● Activity:
Please, without any pictures, transcribe the lines from the one holding "Thumbnail 2 Citizens" to the end of the listing, both ends included.

● Data excerpts:
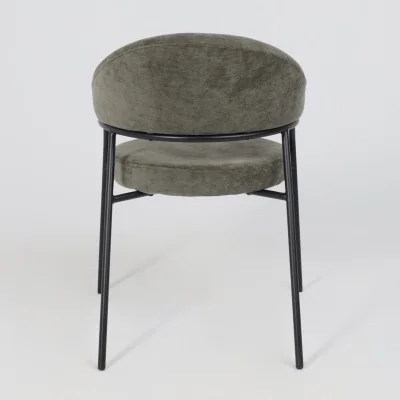 Кресло AV 350, изумрудный шенилл Римини 09/черный_8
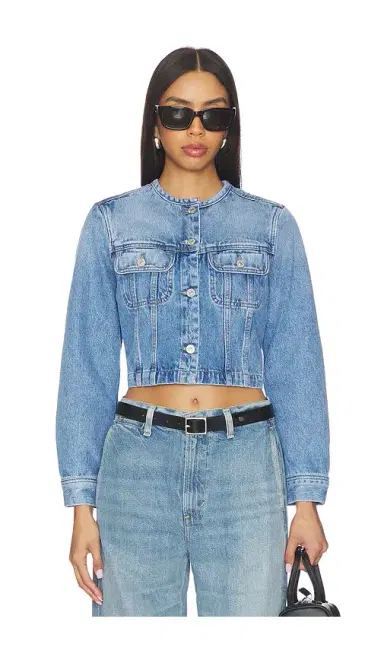 Citizens of Humanity Devin Collarless Jacket | Thumbnail 2 Citizens of Humanity Devin Collarless Jacket | Thumbnail 2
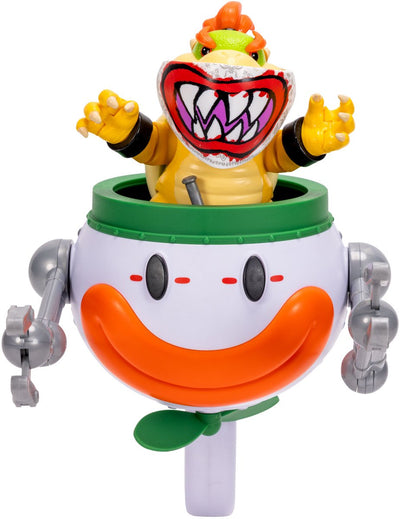 Jakks Super Mario Galaxy Movie – 13 cm große Bowser Jr.-Figur mit Clown-Auto, Pinsel und wasserverhüllenden Aufklebern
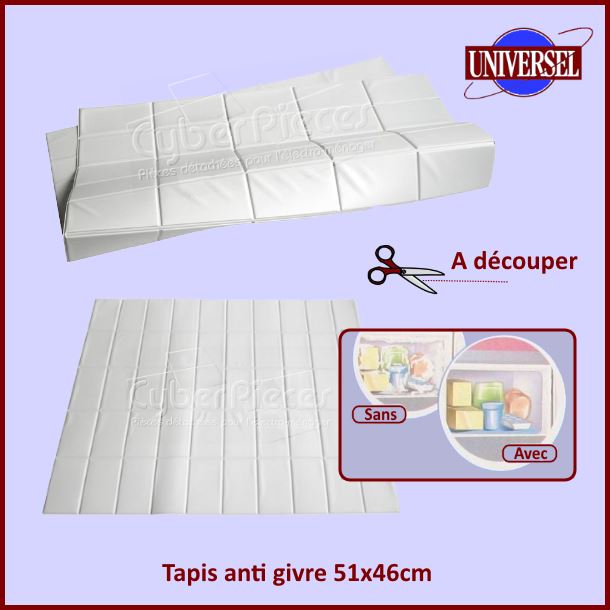 Tapis anti givre 51x46cm - Pièces réfrigérateur & congélateur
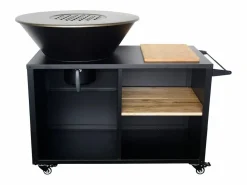 Online Sweeek Brasero barbacoa 80cm + carrito con espacios de almacenamiento Negro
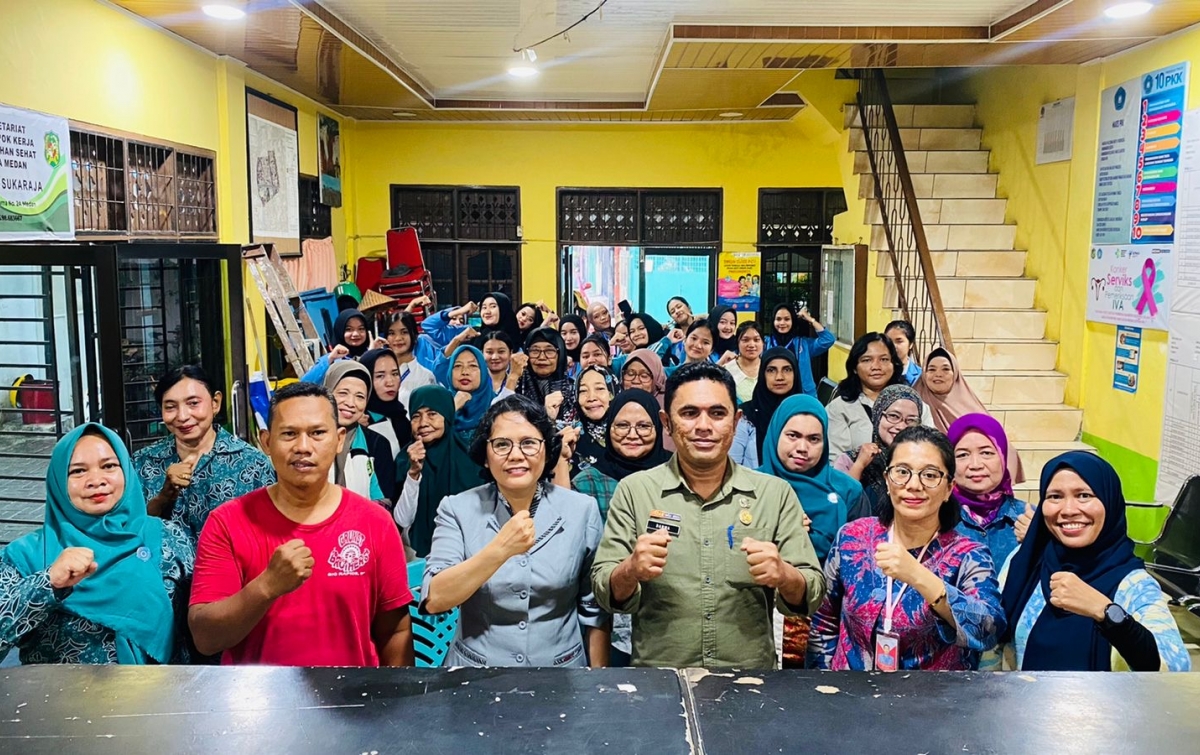 Pemulihan Pascabencana di Kota Medan, Mahasiswa STIKes Mitra Sejati Gagas ‘Kampung Tangguh Banjir’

● Solution to the problem:
 Citizens of Humanity Devin Collarless Jacket | Thumbnail 2 Citizens of Humanity Devin Collarless Jacket | Thumbnail 2
 Jakks Super Mario Galaxy Movie – 13 cm große Bowser Jr.-Figur mit Clown-Auto, Pinsel und wasserverhüllenden Aufklebern
 Tapis anti givre 51x46cm - Pièces réfrigérateur & congélateur
 Online Sweeek Brasero barbacoa 80cm + carrito con espacios de almacenamiento Negro
 Pemulihan Pascabencana di Kota Medan, Mahasiswa STIKes Mitra Sejati Gagas ‘Kampung Tangguh Banjir’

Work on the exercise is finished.